Too frequently we have been content with a diagnostic label without investigating its implications.
Causation implies a search for antecedents, and not for the ultimate — the final — cause of all things. This means not a single antecedent or even a chain of antecedents, but a whole interlacing network of them.
This points directly to graph theory for reasoning through the causes and implications for the disease. Somehow we’d need to map corporal function to a manifold and be able to traverse it. This is significantly more complicated than the simple graph traversal in the Interpretation stage, as there, we are simply seeking clues to help us along our decision making tree. We’ve already mapped the several systems of the body to graphs: circulatory system, skeletal, respiratory system, and are simply looking them up. In this stage we’d likely need to do the mapping on the fly based on what we figured out from the previous stage.
In addition to affixing a label to the diagnosis, the output of this stage is to recommend a corrective action.
The main aim of diagnosis, that of providing the rational basis for treatment and prognosis…
The main implementation decision to make here is: do we spend more time/energy investigating causes and implications and make the treatment recommendation and prognosis estimate simpler or vice versa. For instance, if the algorithm is good at figuring out causation and implication, maybe the treatment and prognosis can be a simple look up table. If causation/implication is simple, then we’ll want to do something more complicated for treatment/prognosis. I prefer the former. Because they are so tightly coupled, causation/implication and prognosis/treatment I consider them part of the same stage of diagnosis, even though they may have separate artificial intelligence approaches.
Evaluating a Medical Diagnosis Algorithm
‘…common sense pressed for time accepts and acts on acceptance.’ We physicians are often confronted by a situation in which we have to give a provisional verdict on the admittedly inadequate available evidence.
For any algorithm, execution time will be crucial. The algorithm will have to provide feedback quickly to the patient, even if it does not have a final diagnosis. The user experience aspect of keeping the patient informed as the algorithm works through its reasoning will help the patient become comfortable with seeking diagnosis from a machine, as opposed to a human doctor. Time is of the essence; in fact, the algorithm should not get bogged down in spending clock cycles on getting every corner case right in exchange for reaching most common conclusions quickly.

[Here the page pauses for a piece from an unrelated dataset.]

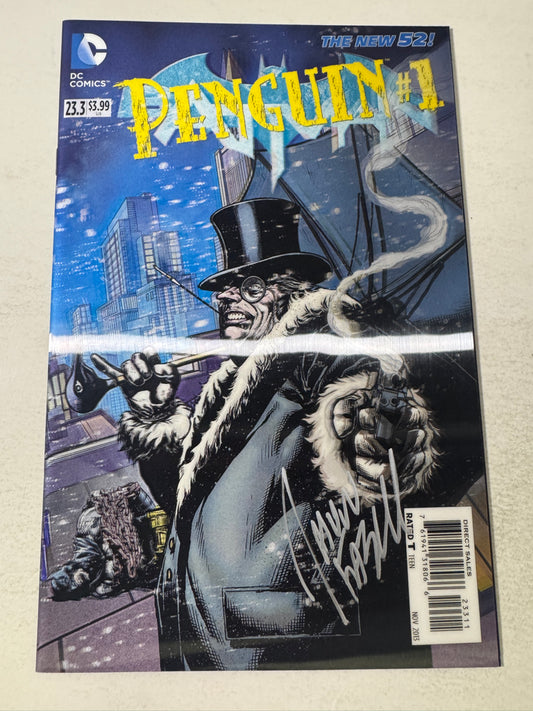 BATMAN #23.3 / PENGUIN #1 Vol 2 NM Lenticular Cover SIGNED by JASON FABOK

The New England Journal of Medicine published the results of case records presented to clinicians and discussant groups and whether or not they were able to correctly diagnose the disease in the case studies. Of the 43 case studies, individual clinicians were correct 65% of the time and the discussant groups were correct 80% of the time. The study asked the participants to assess the confidence level of their diagnosis as well.
It seems that being right 80% is good enough, at least it was the state of the art in 1969. That’s another important thing to remember when testing medical diagnostic AI: what are we comparing it against? If medical diagnostic AI can approach 80% success rate then it will be a viable alternative to seeing a doctor. Even at roughly 50% success rate, its a reasonable alternative. For some purposes such as the Tricorder X-Prize, this should be good enough since the potential use of the Tricorder X-Prize device would be to help people decide if they should go see a doctor.
 Cohen, Henry. “The Nature, Method and Purpose of Diagnosis,” The Skinner Lecture, 1943. Cambridge, UK: University Press, 1943.
 Hogg, Robert and Allen Craig. Introduction to Mathematical Statistics. 5th ed, NJ: Prentice-Hall, 1995.
 Case Records of the Massachusetts General Hospital (Case 30-1969). New England Journal of Medicine. 1969; 281: 206-213.